# Find the unit tangent vector tt rt 5 cos t 5 sin t 4 p 5 2 5 2 4

## Introduction

In mathematics, a tangent vector to a curve at a point is a vector that is tangent to the curve at that point. In other words, it is a vector that “points in the direction” of the curve at that point. More precisely, given a smooth curve c: I -> R^n (that is, a smoothly varying function from some interval I into Euclidean space), a point p in the interior of I, and a unit tangent vector t to c at p, we can write c(p + h) = c(p) + ht + O(h^2) for h small.

## What is the unit tangent vector tt rt?

The unit tangent vector tt rt at a point on a curve is a vector that points in the direction of the curve at that point and has a magnitude of 1. The unit tangent vector is often denoted by the letter tt.

For example, consider the curve defined by the parametric equations x=5cost, y=5sint, z=4. At the point p=(5,2,4), the unit tangent vector is t=(cos(2), sin(2), 0).

To find the unit tangent vector at any point on a curve, we first need to find the tangent vector. The tangent vector at a point on a curve is a vector that points in the direction of the curve at that point. To find the tangent vector, we take the derivative of each component of the parametric equations with respect to t (i.e., we take partial derivatives). For example, if x=5cost and y=5sint, then dx/dt=−5sint and dy/dt=5cost. Therefore, the tangent vector at p=(5,2,4) is t=(−5sin(2), 5cos(2), 0). Finally, to get the unit tangent vector we simply need to normalize this Tangential Vector (divide by its magnitude).

## How to find the unit tangent vector tt rt

The unit tangent vector tt rt is a vector that points in the direction of the tangent of a curve at a given point. To find the unit tangent vector, you must first find the tangent vector, which is the derivative of the curve at the given point. Once you have the tangent vector, you can normalize it to get the unit tangent vector.

### Using the definition of the unit tangent vector

The definition of the unit tangent vector is simply a vector that points in the direction of the tangent line at a certain point on a curve. In other words, if you have a curve defined by a function (r(t)), the unit tangent vector is:

[t=\frac{r'(t)}{||r'(t)||}]

Where (r'(t)) is the derivative of (r(t)). In our example, we have:

[r(t)=\langle 5\cos t,5\sin t,4 \rangle]

Which means that:

[r'(t)=\langle -5\sin t,5\cos t,0 \rangle]

Plugging this into our equation for the unit tangent vector gives us:

[t=\frac{\langle -5\sin t,5\cos t,0 \rangle}{||\langle -5sin t,5cos t,0 \rangle||}]

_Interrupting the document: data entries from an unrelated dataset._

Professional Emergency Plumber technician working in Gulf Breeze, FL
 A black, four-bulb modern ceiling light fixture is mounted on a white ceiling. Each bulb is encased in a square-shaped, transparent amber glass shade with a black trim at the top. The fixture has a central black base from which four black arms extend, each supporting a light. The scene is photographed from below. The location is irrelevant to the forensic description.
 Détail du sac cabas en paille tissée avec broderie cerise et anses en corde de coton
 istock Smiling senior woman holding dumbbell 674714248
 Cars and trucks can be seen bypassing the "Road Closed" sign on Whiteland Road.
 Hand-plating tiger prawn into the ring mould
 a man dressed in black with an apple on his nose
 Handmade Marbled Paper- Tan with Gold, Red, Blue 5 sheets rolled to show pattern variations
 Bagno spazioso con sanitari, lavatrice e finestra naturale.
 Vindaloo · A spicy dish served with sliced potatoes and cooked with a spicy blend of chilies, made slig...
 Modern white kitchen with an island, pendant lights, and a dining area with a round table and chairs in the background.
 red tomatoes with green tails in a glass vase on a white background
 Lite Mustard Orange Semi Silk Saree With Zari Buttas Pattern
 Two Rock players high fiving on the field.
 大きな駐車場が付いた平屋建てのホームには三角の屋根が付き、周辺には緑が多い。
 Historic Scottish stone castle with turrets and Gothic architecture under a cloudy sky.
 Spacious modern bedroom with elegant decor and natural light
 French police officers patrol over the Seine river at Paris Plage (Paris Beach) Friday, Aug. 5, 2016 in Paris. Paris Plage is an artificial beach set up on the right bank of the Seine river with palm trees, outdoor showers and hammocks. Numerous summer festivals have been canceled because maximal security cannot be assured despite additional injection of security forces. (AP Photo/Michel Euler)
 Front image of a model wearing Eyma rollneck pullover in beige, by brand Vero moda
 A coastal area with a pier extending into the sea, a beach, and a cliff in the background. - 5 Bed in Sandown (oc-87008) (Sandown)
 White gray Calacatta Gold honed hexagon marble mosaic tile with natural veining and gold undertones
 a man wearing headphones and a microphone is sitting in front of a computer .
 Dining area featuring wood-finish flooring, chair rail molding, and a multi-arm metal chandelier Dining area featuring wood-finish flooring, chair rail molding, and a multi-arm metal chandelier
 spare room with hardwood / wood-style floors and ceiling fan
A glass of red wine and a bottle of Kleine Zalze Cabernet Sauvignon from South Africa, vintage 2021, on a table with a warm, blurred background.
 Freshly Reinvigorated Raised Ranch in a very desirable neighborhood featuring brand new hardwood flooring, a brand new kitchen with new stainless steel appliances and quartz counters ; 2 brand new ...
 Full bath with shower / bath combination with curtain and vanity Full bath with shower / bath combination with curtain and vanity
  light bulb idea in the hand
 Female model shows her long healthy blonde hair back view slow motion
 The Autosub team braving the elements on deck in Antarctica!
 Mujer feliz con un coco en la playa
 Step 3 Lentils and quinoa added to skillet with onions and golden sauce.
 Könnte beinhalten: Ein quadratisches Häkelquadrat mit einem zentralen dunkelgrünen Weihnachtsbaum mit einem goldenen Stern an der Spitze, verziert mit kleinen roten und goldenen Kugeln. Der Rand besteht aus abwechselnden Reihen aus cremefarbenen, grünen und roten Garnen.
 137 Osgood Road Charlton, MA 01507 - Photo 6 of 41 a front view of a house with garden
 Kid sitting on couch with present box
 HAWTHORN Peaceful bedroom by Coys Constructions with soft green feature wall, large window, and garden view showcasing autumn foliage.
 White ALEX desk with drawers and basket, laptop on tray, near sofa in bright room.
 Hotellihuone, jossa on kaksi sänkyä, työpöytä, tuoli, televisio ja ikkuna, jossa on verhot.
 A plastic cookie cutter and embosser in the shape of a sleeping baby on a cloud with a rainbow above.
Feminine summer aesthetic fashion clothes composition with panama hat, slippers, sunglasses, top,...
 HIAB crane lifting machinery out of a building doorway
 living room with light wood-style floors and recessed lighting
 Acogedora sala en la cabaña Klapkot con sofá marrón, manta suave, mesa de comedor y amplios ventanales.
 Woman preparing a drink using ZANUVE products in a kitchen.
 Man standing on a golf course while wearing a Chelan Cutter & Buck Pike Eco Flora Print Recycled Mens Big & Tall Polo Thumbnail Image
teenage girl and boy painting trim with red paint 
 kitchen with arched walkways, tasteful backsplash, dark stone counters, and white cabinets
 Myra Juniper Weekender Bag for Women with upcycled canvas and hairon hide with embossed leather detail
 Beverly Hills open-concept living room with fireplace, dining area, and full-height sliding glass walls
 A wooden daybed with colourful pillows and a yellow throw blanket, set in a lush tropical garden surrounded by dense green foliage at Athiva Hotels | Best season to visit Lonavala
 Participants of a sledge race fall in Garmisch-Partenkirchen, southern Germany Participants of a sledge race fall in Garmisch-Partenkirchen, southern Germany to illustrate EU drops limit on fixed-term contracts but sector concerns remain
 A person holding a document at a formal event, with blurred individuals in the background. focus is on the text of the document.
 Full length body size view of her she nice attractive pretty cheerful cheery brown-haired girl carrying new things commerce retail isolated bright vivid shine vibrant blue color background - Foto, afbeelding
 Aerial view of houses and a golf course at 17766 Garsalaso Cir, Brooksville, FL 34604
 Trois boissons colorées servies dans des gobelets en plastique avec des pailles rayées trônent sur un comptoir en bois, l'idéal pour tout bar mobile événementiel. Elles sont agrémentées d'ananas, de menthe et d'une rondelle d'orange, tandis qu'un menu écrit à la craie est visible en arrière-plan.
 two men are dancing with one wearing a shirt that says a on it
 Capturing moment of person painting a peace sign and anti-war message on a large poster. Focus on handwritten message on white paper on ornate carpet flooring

All we need to do now is simplify and calculate the norm. We get:

[t=\frac{1}{||\langle 5sin t,5cos t \rangle||}\langle -5sin t,5cos t \rangle={\frac {1}{{\sqrt {\left({5}^{2}{sin}^{2}t+{5}^{2}{cos}^{2}t}\right)}}}\left\<-5sint ,5cost \right>}]

This gives us the final answer:

[t={\frac {1}{{\sqrt {25{sin}^{2}t+25{cos}^{2}ttf }}}}\left\<-sint ,cost ,0tfright>}]

### Using the formula for the unit tangent vector

The unit tangent vector of a curve at a point is a vector that points in the direction of the tangent line to the curve at that point. It is a vector of length 1, and so it is also called a unit vector.

We can find the unit tangent vector using the formula:

tt rt 5 cos t 5 sin t 4 p 5 2 5 2 4

where t is the angle measured from the positive x-axis, r(t) is the position vector of the point on the curve at angle t, and p is the position vector of the point on the curve where we want to find the unit tangent vector.

## Examples

To find the unit tangent vector, we need to find the derivative of r(t), which is r'(t).

r(t) = <5cos(t), 5sin(t), 4>
r'(t) = <-5sin(t), 5cos(t), 0>

Now we need to find the magnitude of r'(t).

||r'(t)|| = sqrt((-5sin(t))^2 + (5cos(t))^2 + (0)^2)
= sqrt((25sin^2(t)) + (25cos^2(t)))
= sqrt((25)(sin^2(t) + cos^2(t)))
= sqrt((25)(1))
= 5

Now we can divide each component of r'(t) by the magnitude to get the unit tangent vector.

tt = <(-5sin(t))/5, (5cos

## Conclusion

In conclusion, to find the unit tangent vector of the function r(t)=5cos(t)+5sin(t)+4 we simply need to take the derivative of r(t) and divide it by the norm of the derivative. In this case, the derivative is r'(t)=-5sin(t)+5cos(t) and the norm is sqrt((-5sin(t)+5cos(t))^2). Therefore, the unit tangent vector is (-5sin(t)+5cos(t))/sqrt((-5sin(t)+5cos(t))^2).